In the illustrated embodiment, the lever 8 is pivoted by the winding belt 4 or by one of the two winding belts 4.

While specific embodiments of the invention have been shown and described in detail to illustrate the inventive principles, it will be understood that the invention may be embodied otherwise without departing from such principles.

Claims

1. A winding device for flat printed sheets, comprising:

a rotatably supported winding drum configured to receive and dispense printed sheets;

at least one winding mandrel having a winding belt wound thereon and configured to unwind the winding belt and feed undershot the winding belt to the winding drum;

wherein the winding belt is configured to receive the printed sheets and, by being wound onto the winding drum together with the printed sheets, to form winding layers of the printed sheets on the winding drum;

a touch probe configured to detect an empty state of the winding drum, without printed sheets wound thereon, or a loaded state of the winding drum, having printed sheets wound thereon, by interacting with the winding belt or the printed sheets, wherein the touch probe is arranged on a periphery of the winding drum, wherein the periphery of the winding drum has a cutout and wherein the touch probe is a lever springily supported in the cutout, further comprising a photocell arranged external to the winding drum and configured to detect a pivot position of the lever.

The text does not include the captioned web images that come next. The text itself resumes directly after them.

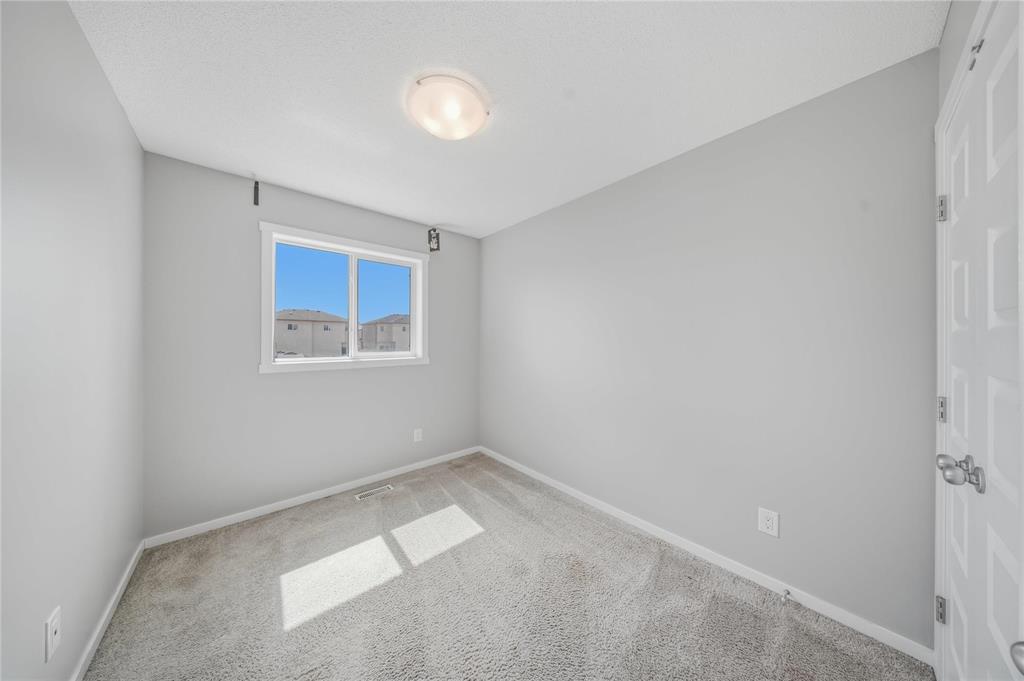 584 Transcona Boulevard, Winnipeg, Manitoba  R3W 0L6 - Photo 12 - 202609921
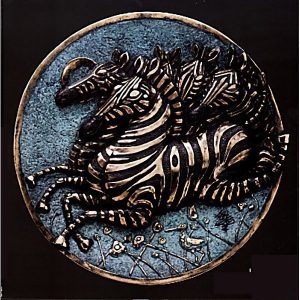 Zebras Platter by Jiang Tiefeng bronze sculpture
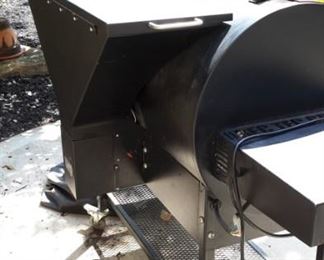 REC TEC Grills RT-680 pellet grill/smoker with bull horn handles
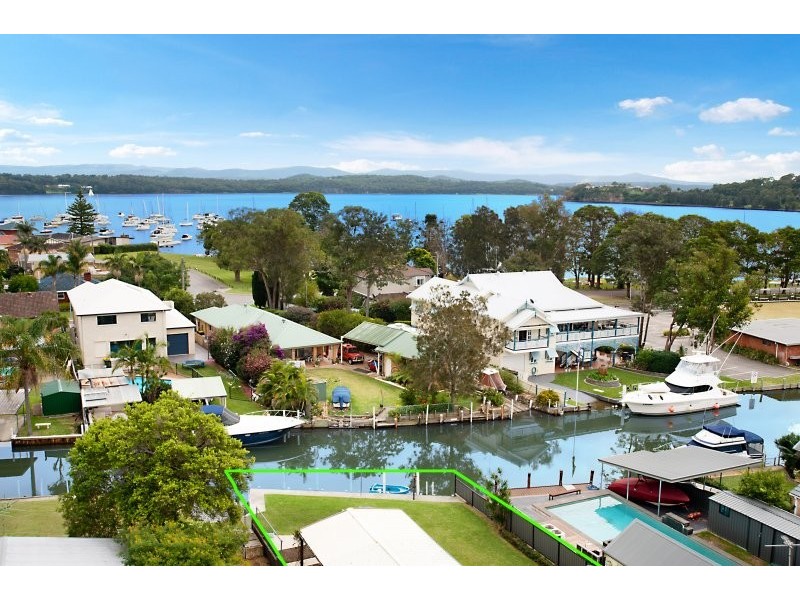 7 St Johns Drive, Croudace Bay NSW 2280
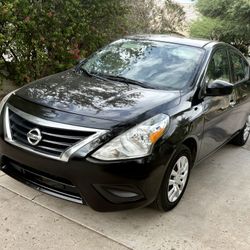 Nissan Versa SV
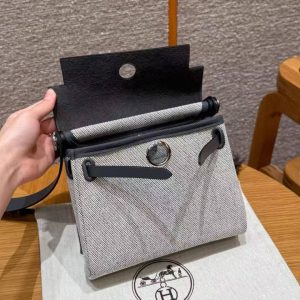 Hermes Mini Herbag Zip 20 Bag Retourne Ecru Blue Glacier Ardoise Handmade In Militaire Canvas and Hunter Cowhide Silver Hardware - Image 21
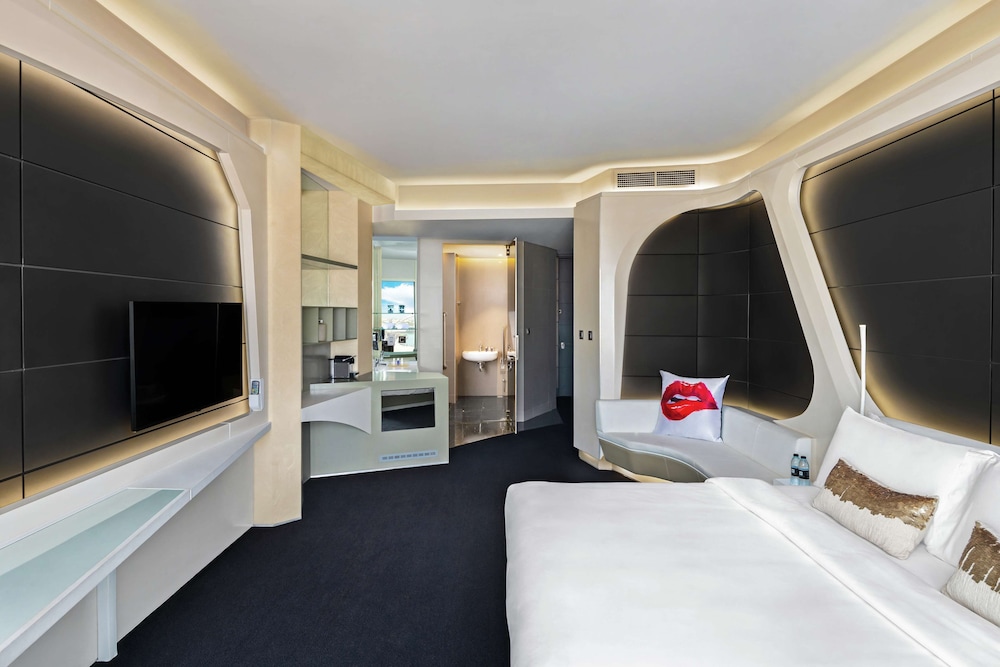 Deluxe Room, 1 King Bed, Accessible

2. The winding device according to claim 1, wherein the touch probe has a touch nose projecting radially outwardly past the periphery of the winding drum when the winding drum is in the empty state.

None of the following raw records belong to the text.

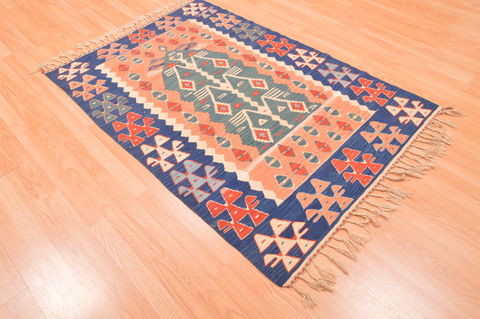 Kilim Red Flat Woven 38 X 56 Area Rug 100-89876 Image 3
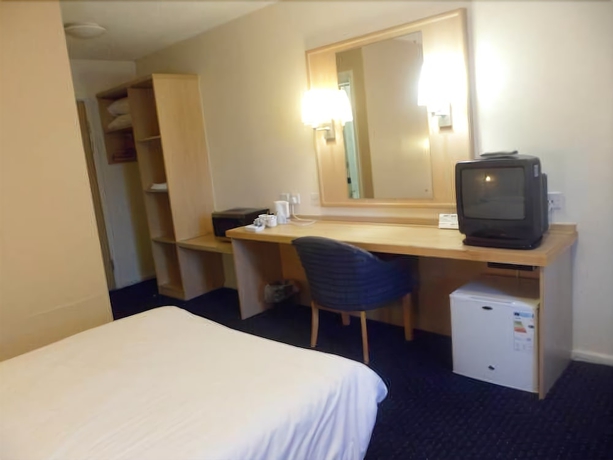 Imagen de la habitación del Hotel Metro Inns Huddersfield. Foto 14
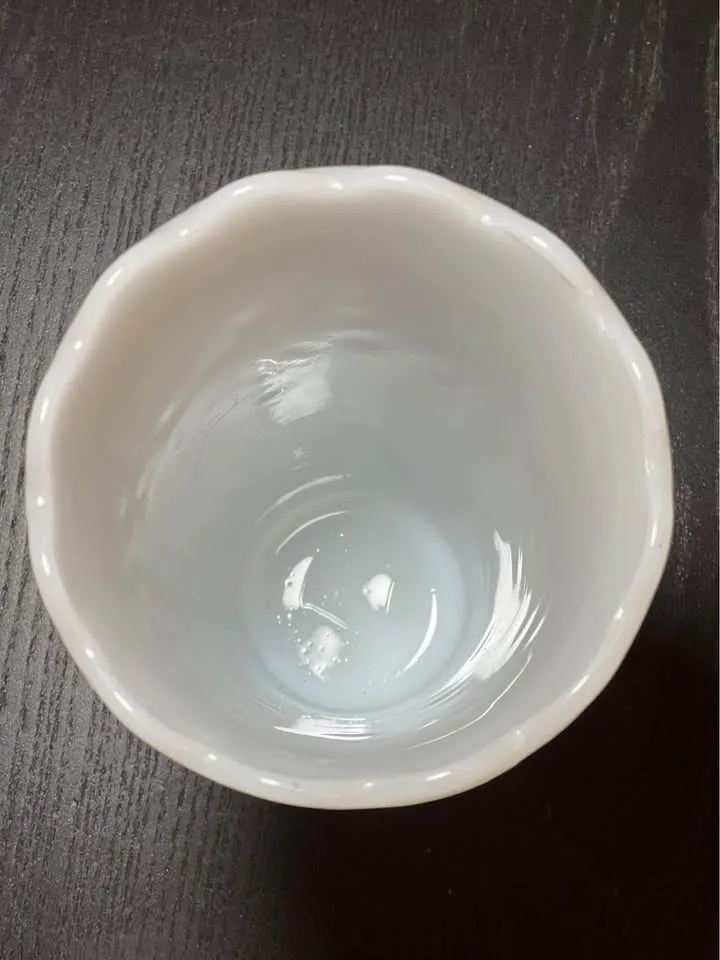 Anchor Hocking Teardrop Vase, Milk Glass, 7" Tall image indicator(4)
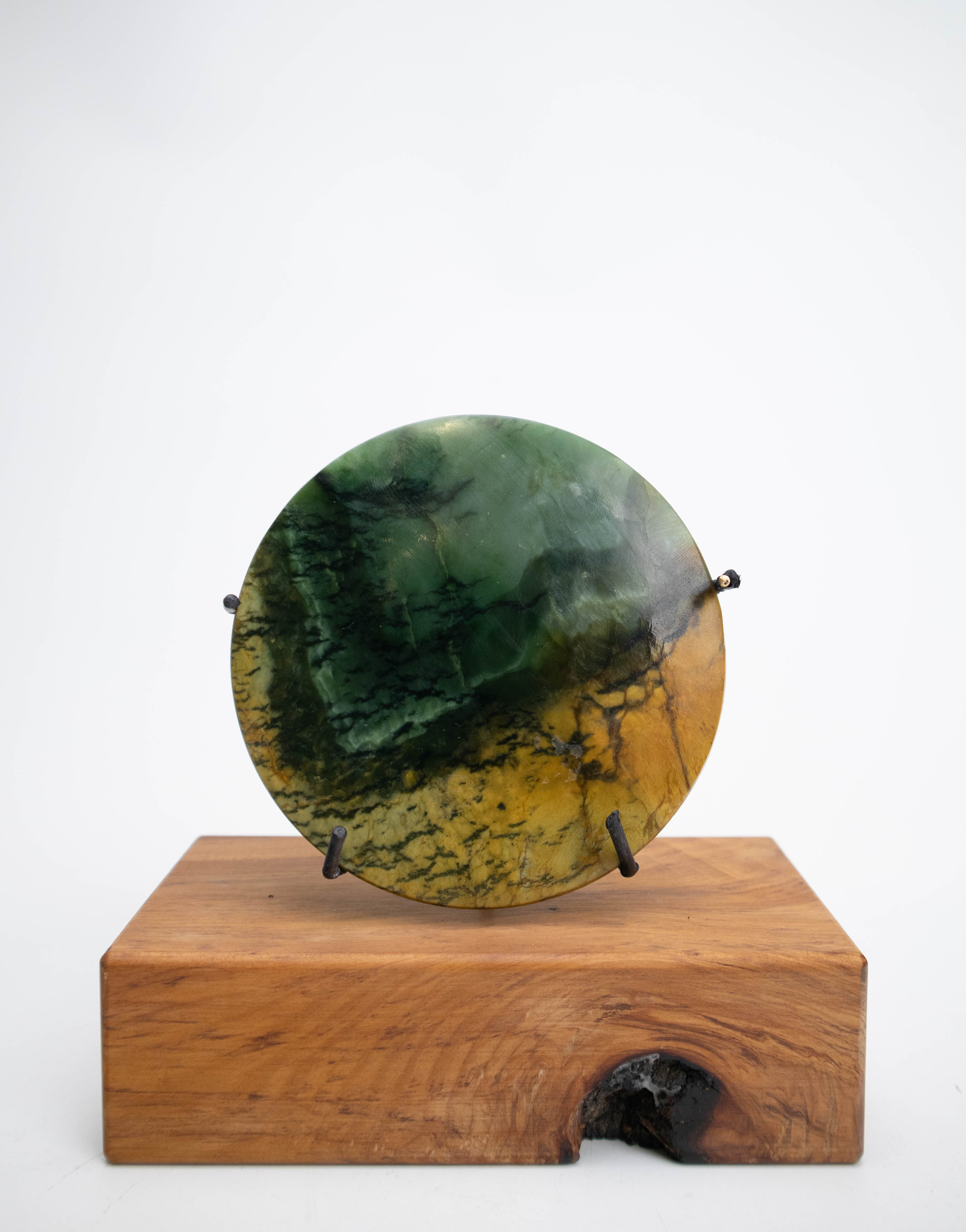 Pounamu Disc Sculpture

3. The winding device according to claim 1, wherein the lever has a pivot axle and a nose positioned at a spacing from the pivot axle, wherein the lever has a spring configured to pivot the lever about the pivot axle such that the nose projects radially outwardly past the periphery of the winding drum when the winding drum is in the empty state, wherein the lever is pivoted against the force of the spring radially inwardly, when the winding drum is loaded with printed sheets.

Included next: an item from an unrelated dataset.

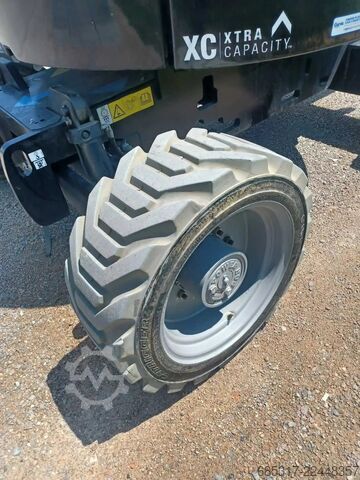 Articulating boom Genie Z45 XC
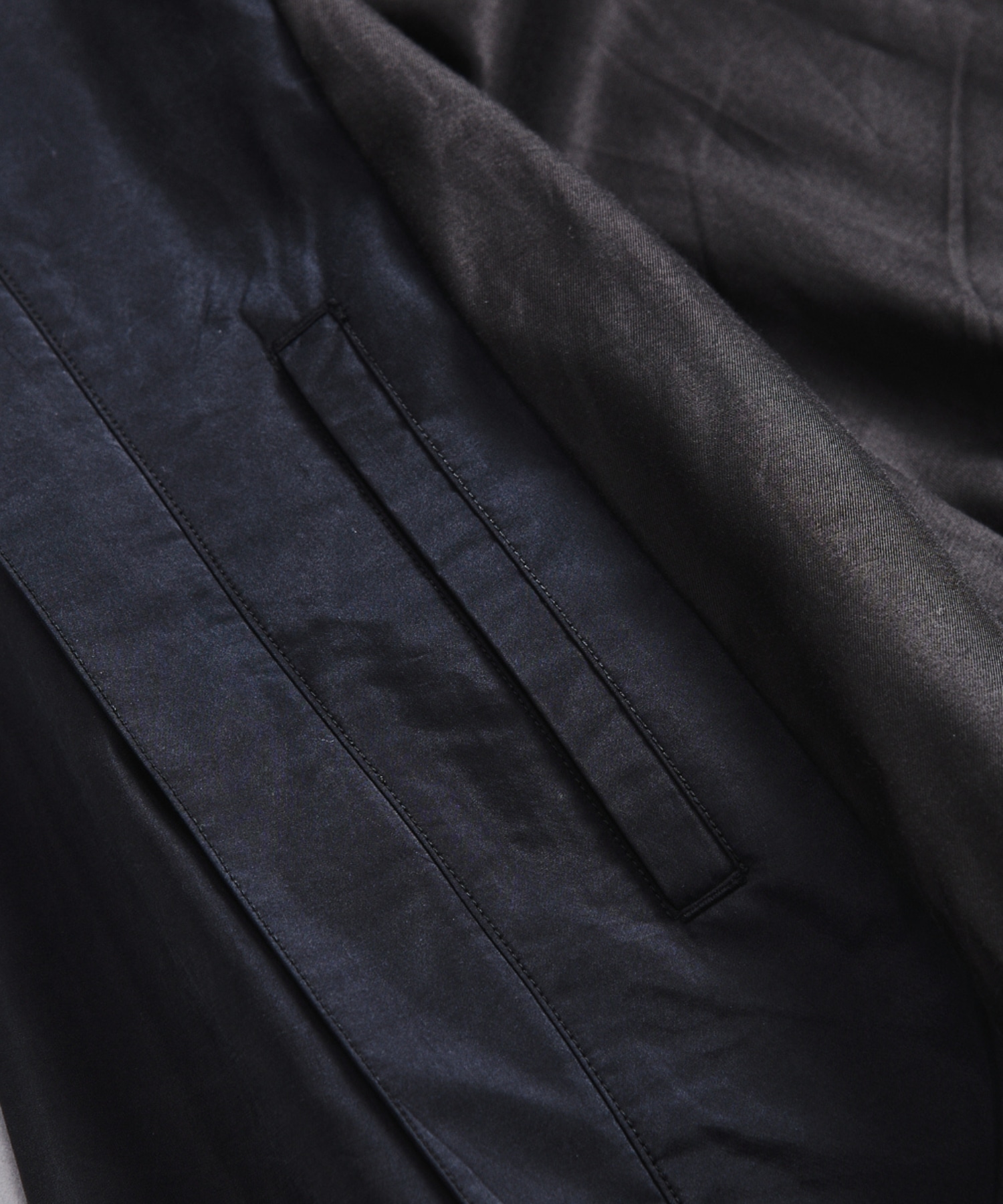 〈数量限定｜サイズ2：残り1点〉SILK NYLON BALLOON BLOUSON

4. The winding device according to claim 1, further comprising a reflector configured to interact with the photocell.

5. The winding device according to claim 1, wherein the touch probe is positioned at a distance in front of a leading end of the winding belt in a winding direction of the winding belt such that the touch probe indicates for a predetermined residual length of the winding belt or winding layer the empty state of the winding drum.